--- Task brief ---
An image-free, verbatim transcription of the records is the expected result.

☆ ☆ ☆ ☆ ☆

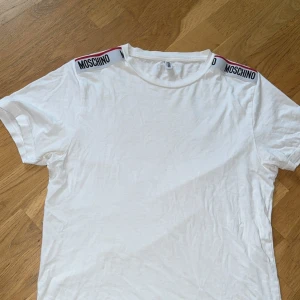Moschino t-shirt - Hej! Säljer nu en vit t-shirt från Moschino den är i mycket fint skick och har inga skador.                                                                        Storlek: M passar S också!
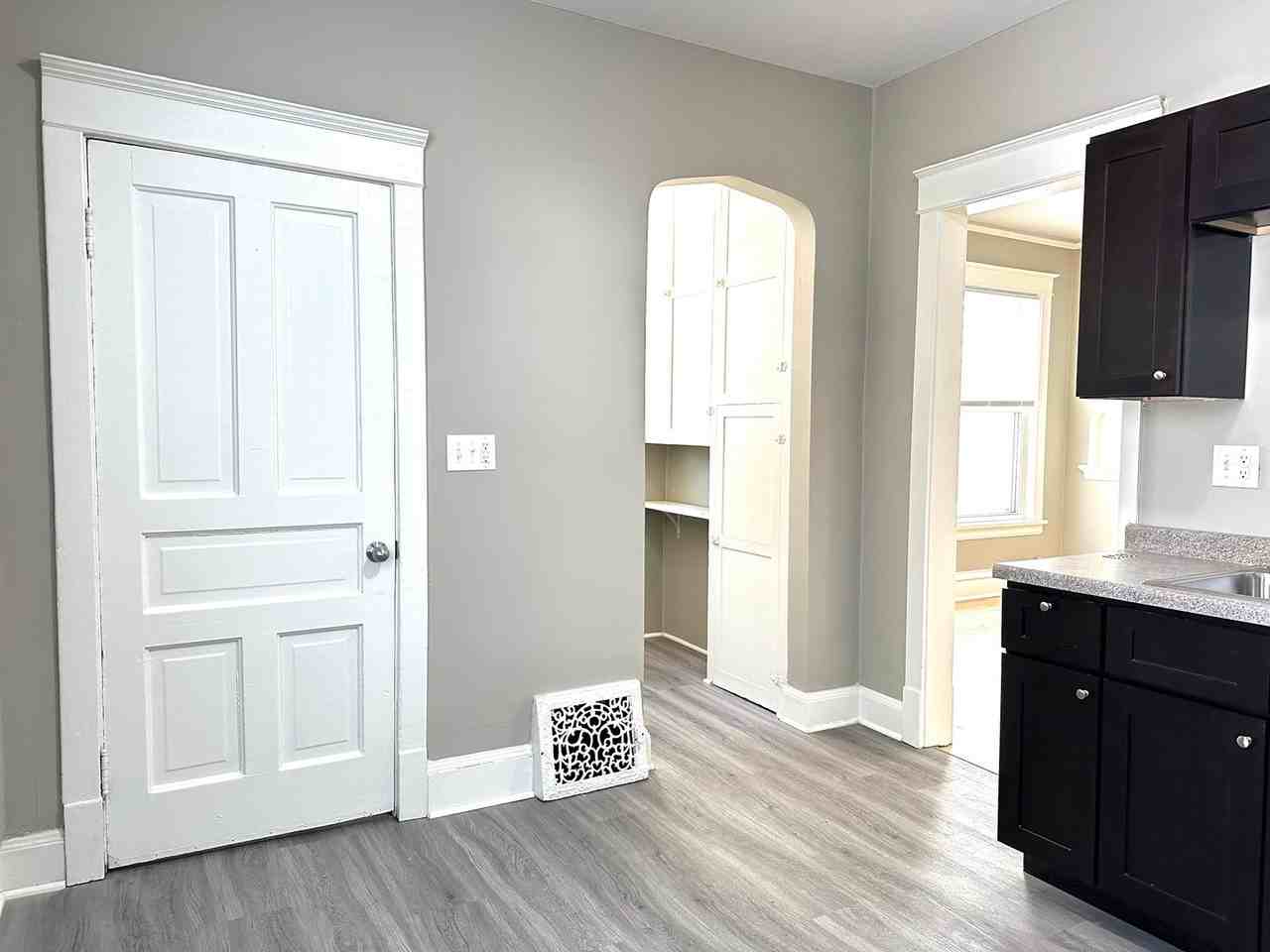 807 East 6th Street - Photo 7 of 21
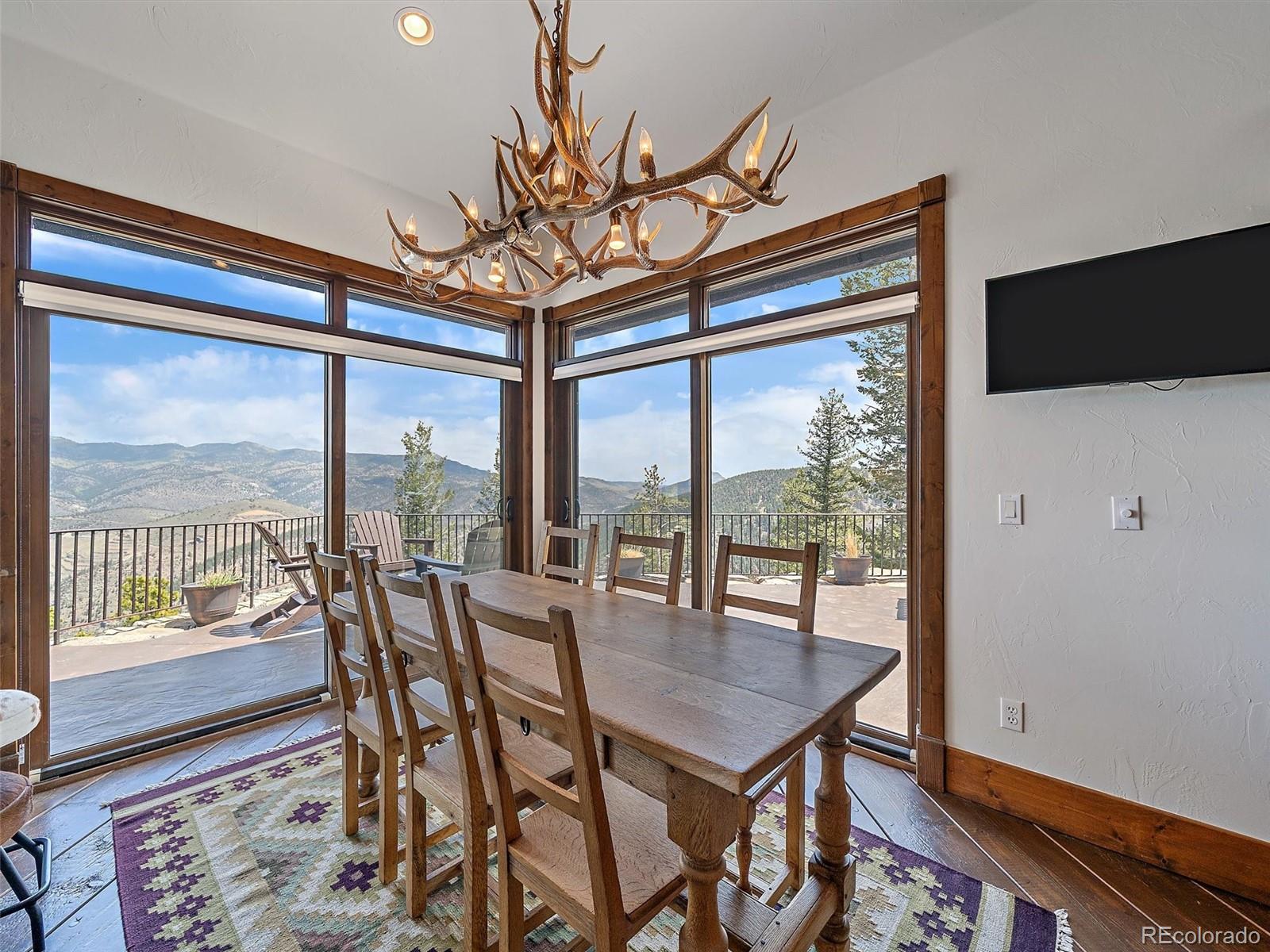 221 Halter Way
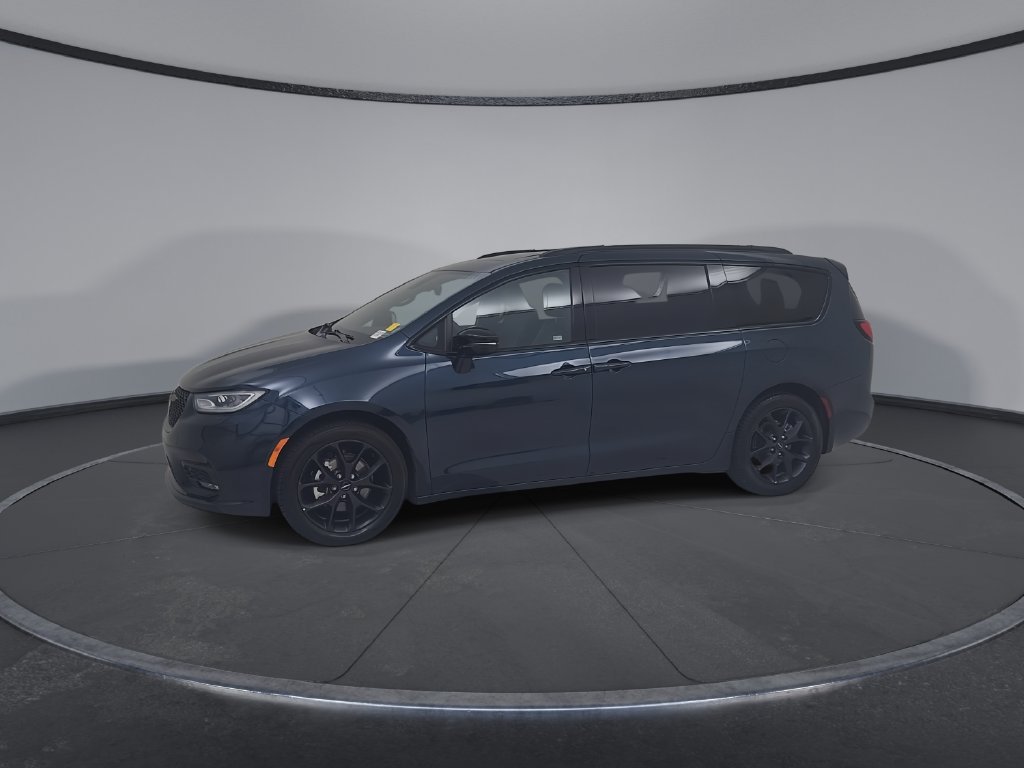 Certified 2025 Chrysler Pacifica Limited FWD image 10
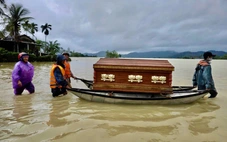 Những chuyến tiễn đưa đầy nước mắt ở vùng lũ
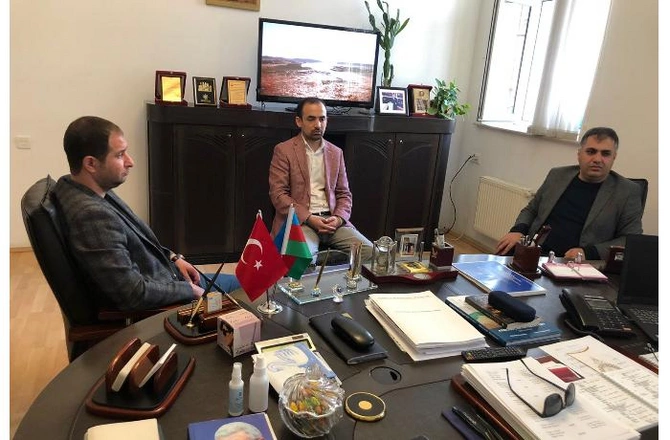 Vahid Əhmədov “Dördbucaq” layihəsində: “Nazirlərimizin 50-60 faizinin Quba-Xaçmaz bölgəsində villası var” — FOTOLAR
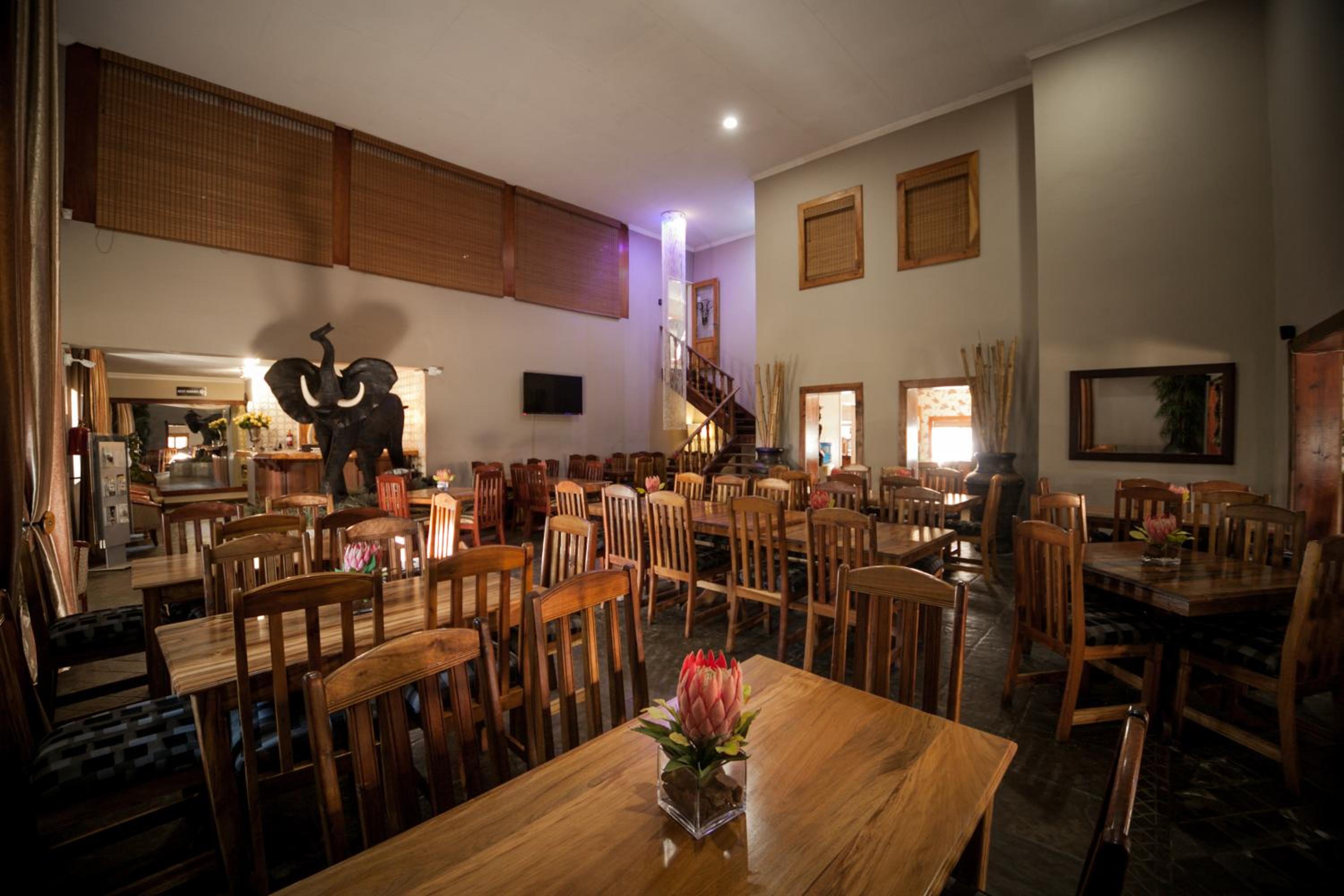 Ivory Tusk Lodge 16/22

☆ ☆ ☆ ☆ ☆

--- Exercise response ---
Moschino t-shirt - Hej! Säljer nu en vit t-shirt från Moschino den är i mycket fint skick och har inga skador.                                                                        Storlek: M passar S också!
 807 East 6th Street - Photo 7 of 21
 221 Halter Way
 Certified 2025 Chrysler Pacifica Limited FWD image 10
 Những chuyến tiễn đưa đầy nước mắt ở vùng lũ
 Vahid Əhmədov “Dördbucaq” layihəsində: “Nazirlərimizin 50-60 faizinin Quba-Xaçmaz bölgəsində villası var” — FOTOLAR
 Ivory Tusk Lodge 16/22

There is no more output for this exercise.